I apologize to those purists that enjoy their traditional hot and spicy chili, you will not find what you are looking for here.
Instead, you will find a lightened up, veggie and chickpeas laden instant pot chili alternative. It is bright and robust, and using the Instant-Pot means it will take a grand total of 30 minutes to make from start to finish!
Plus it is made with pantry staples and ingredients you will likely already have on hand in the fridge which is a huge bonus!
You will need:
- olive oil: or other cooking oil of choice
- onion: I use brown onion, but you could get away with using a red onion
- garlic: fresh is best, but pre-prepared will work just fine. I would not recommend garlic powder as you won't get the depth of flavor needed. We use 4 in this recipe, but feel free to add an extra garlic clove or two if you are a garlic fan
- ground turkey (turkey mince): you could also use ground chicken, pork, beef or ground meat of choice in a pinch with no hassle
- diced tomatoes: I use canned tomatoes, but you could use chopped fresh tomatoes
- tomato sauce or passata: if you only have tomato paste simply use a heaping tablespoon in place of the tomato sauce
- canned chickpeas (garbanzo beans): you can sub in kidney beans, black beans, cannellini beans, or pinto beans if that's what you have on hand
- red bell peppers: you could also use yellow bell peppers or orange bell peppers if that is what you have. A green pepper can be used in a pinch, but they have a slightly more bitter taste, so I would not recommend them
- sweet potato
- vegetable stock or vegetable broth: you can also use chicken broth if preferred
- ground cumin
- ground paprika
- ground chili powder: you can use more or less depending on taste. I find ½ teaspoon is good if serving this up to kids or non-spicy lovers. If you are a lover of spice you might want to add some fresh chili. You can also try adding some chipotle chiles for a bit of a change in flavor.
Can I Double This Recipe?
This is a great recipe to double.
I usually make a double batch and serve one for dinner and freeze the other for a day when I know I will be super busy.

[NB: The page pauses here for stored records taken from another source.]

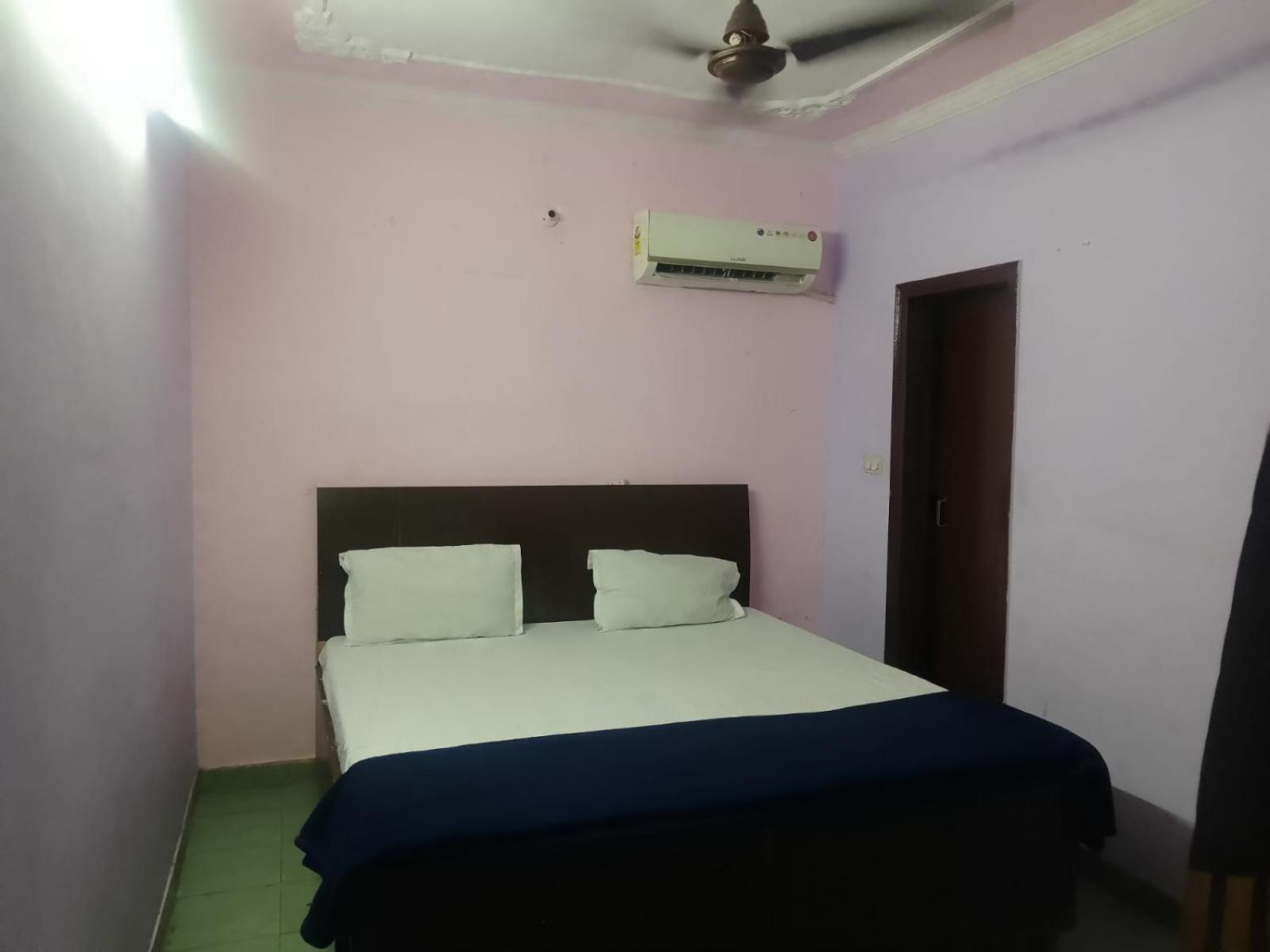 Hotel Golden Height Chandigarh Bagian luar foto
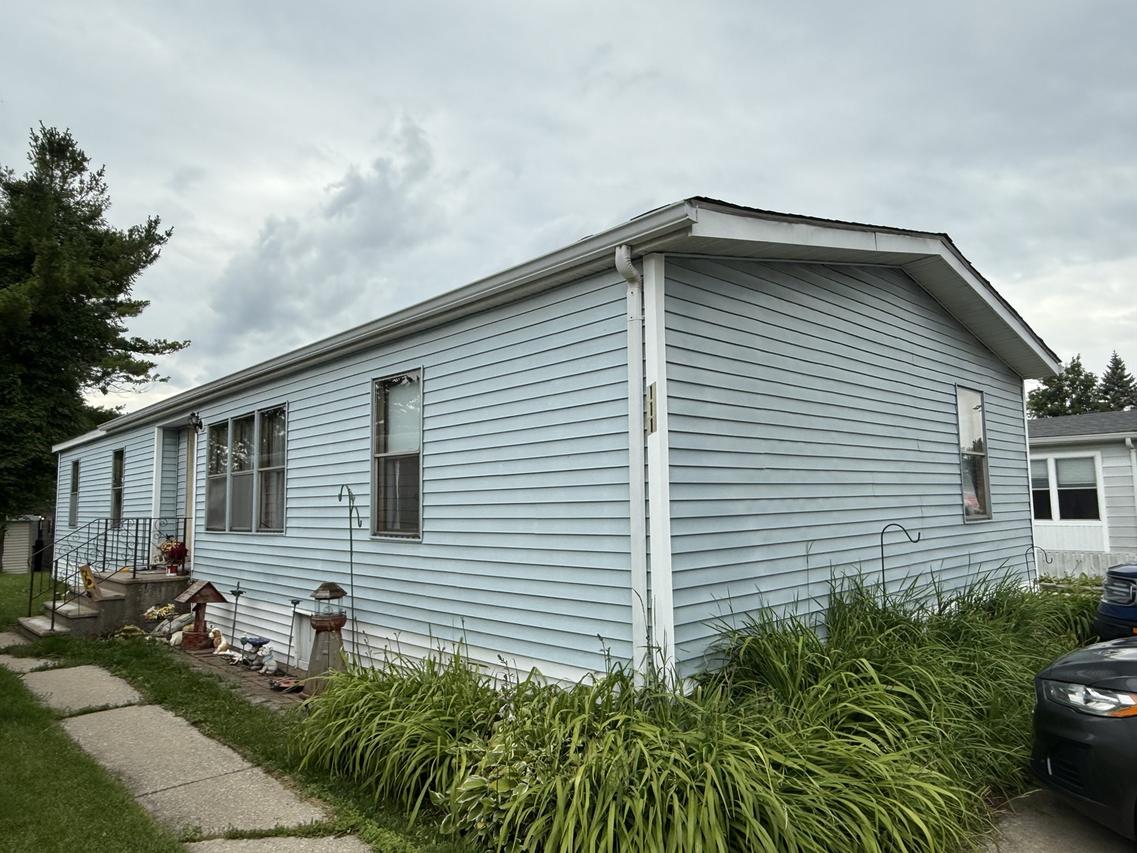 111 Huntsbridge Rd., Matteson, IL 60443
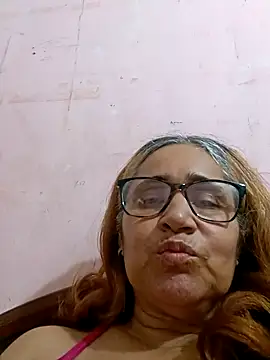  candi online show from November 9, 8:38 pm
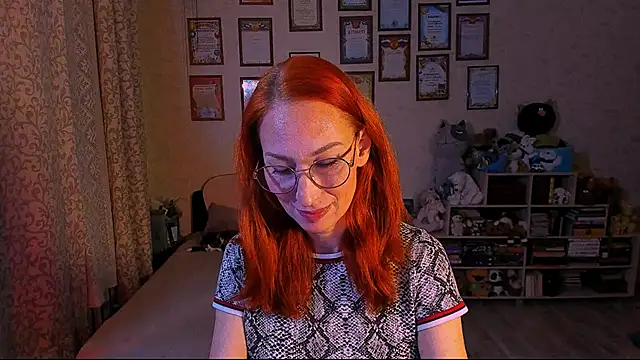 red rocco online show from February 27, 2025, 3:59 pm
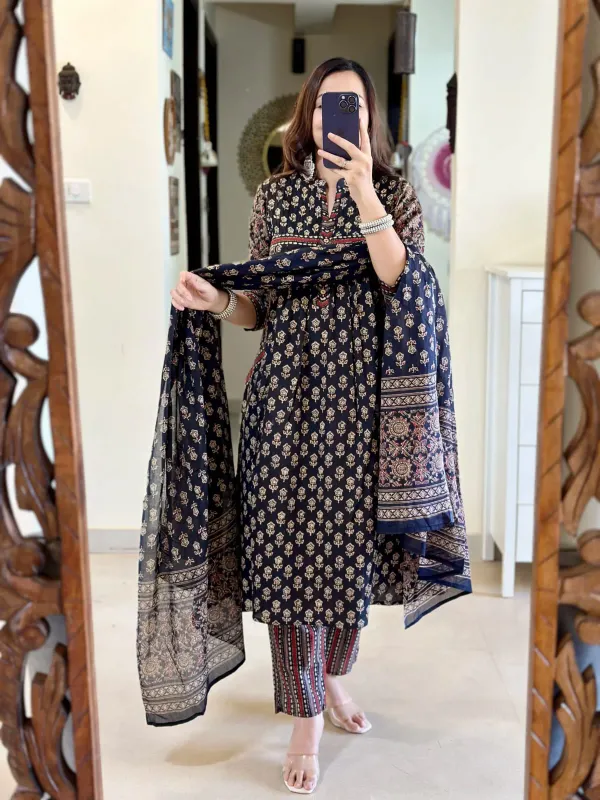 Black_Printed_Cotton_Kurta_Set_with_Striped_Pants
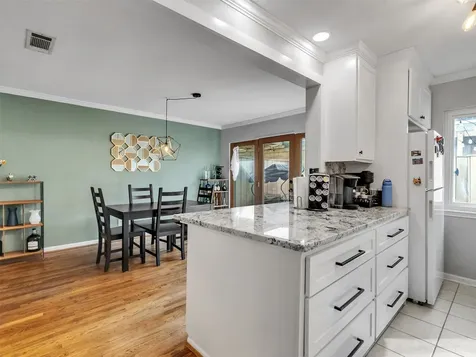 6455 Burgoyne Road 28 Houston TX 77057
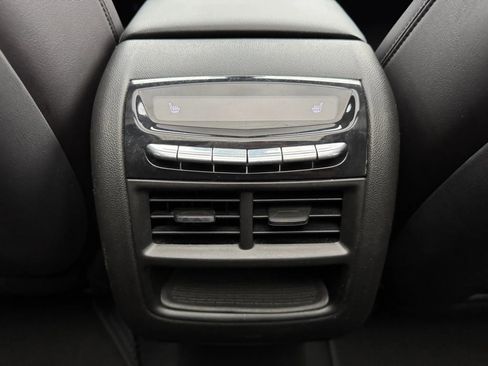 Used 2018 Cadillac XT5 Premium Luxury image 20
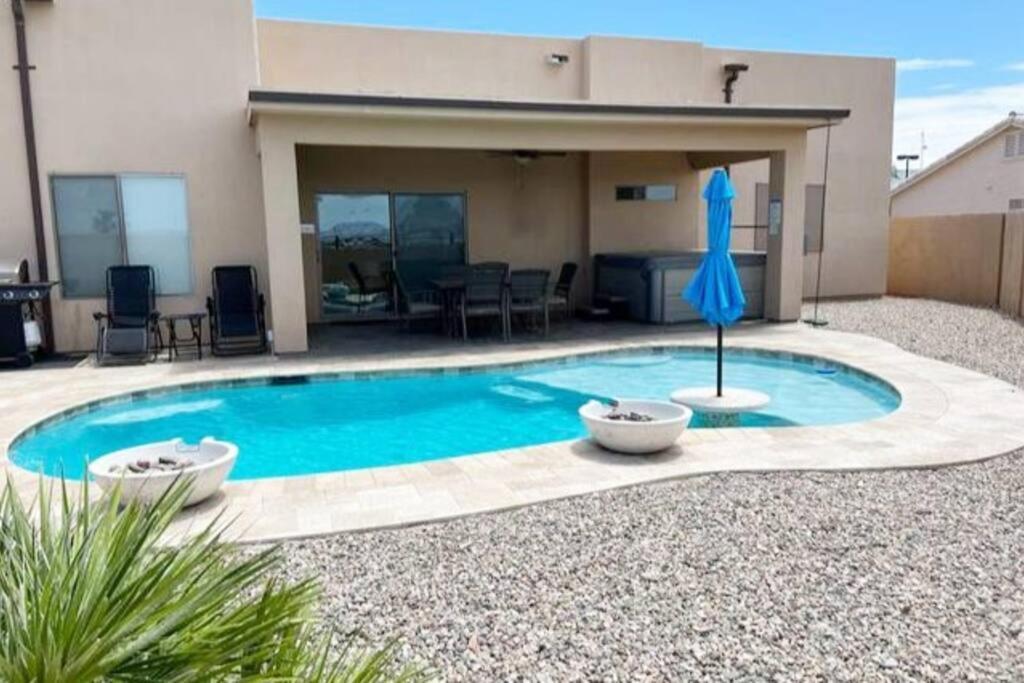 Havasu Retreat! Pool, Spa, Gym & View レイク・ハヴァス・シティ エクステリア 写真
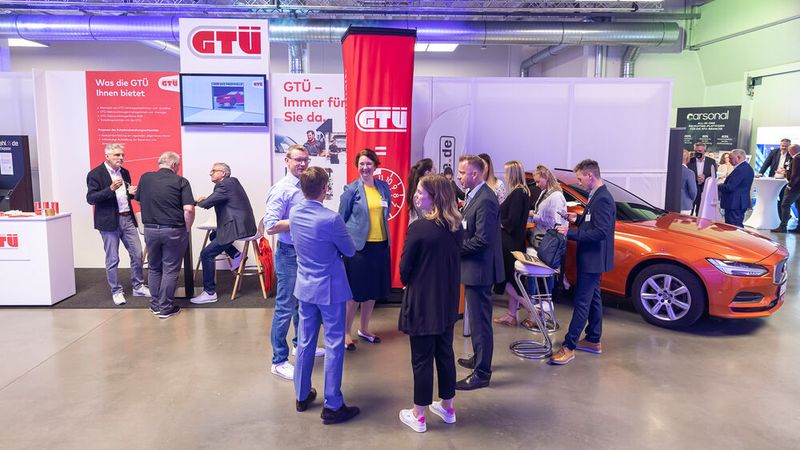 Die Sachverständigenorganisation GTÜ war ebenfalls mit einem Stand vertreten und präsentierte die Kompetenz ihrer Partner in Sachen Gebrauchtwagen- und Schadenmanagement. (Bild: Stefan Bausewein)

To double the recipe simply:
- double the ingredients;
- follow the rest of the instructions as they are written;
- add one more minute to the cooking time.
And yes it freezes well too. Simply follow the instructions for cooking the turkey chili and then pop it in an airtight container or a Ziploc bag and into the freezer for around 2-3 months.
Pull it out of the freezer the night before (or morning of) the day you would like to eat it to allow it to thaw completely and re-heat on the stovetop.
How To Make On The Stovetop or Crock Pot
I have included the instructions for making this sweet potato chili using an Instant-Pot, on the stovetop, or in a crock pot in the recipe card for your convenience.
The end result is the same so don't worry about that. The instant pot method is just preferred simply because it is a lot quicker.
On the stovetop simply bring everything to a gentle simmer in a large pot or large dutch oven over medium heat and allow to simmer for about one hour.
In the crock pot simply sauté the onion, garlic, and turkey mince before adding the rest of the ingredients and cooking on high for 3-4 hours, or on low for 6-8 hours.
There are lots of options for serving up this turkey chili. Use your favorite chili toppings to make it work for you and your family.
I like to change it up from time to time and these all work great:
- with long grain, brown or wild rice;
- over riced cauliflower or riced broccoli;
- with some tortilla chips;
- with sour cream, chopped cilantro, a sprinkling of finely chopped red onion, a squeeze of lime juice, and some tortillas.
If you like spice then add some more chili flakes, chili powder, or hot sauce. I always add some extra spice to mine and leave it out for the kids.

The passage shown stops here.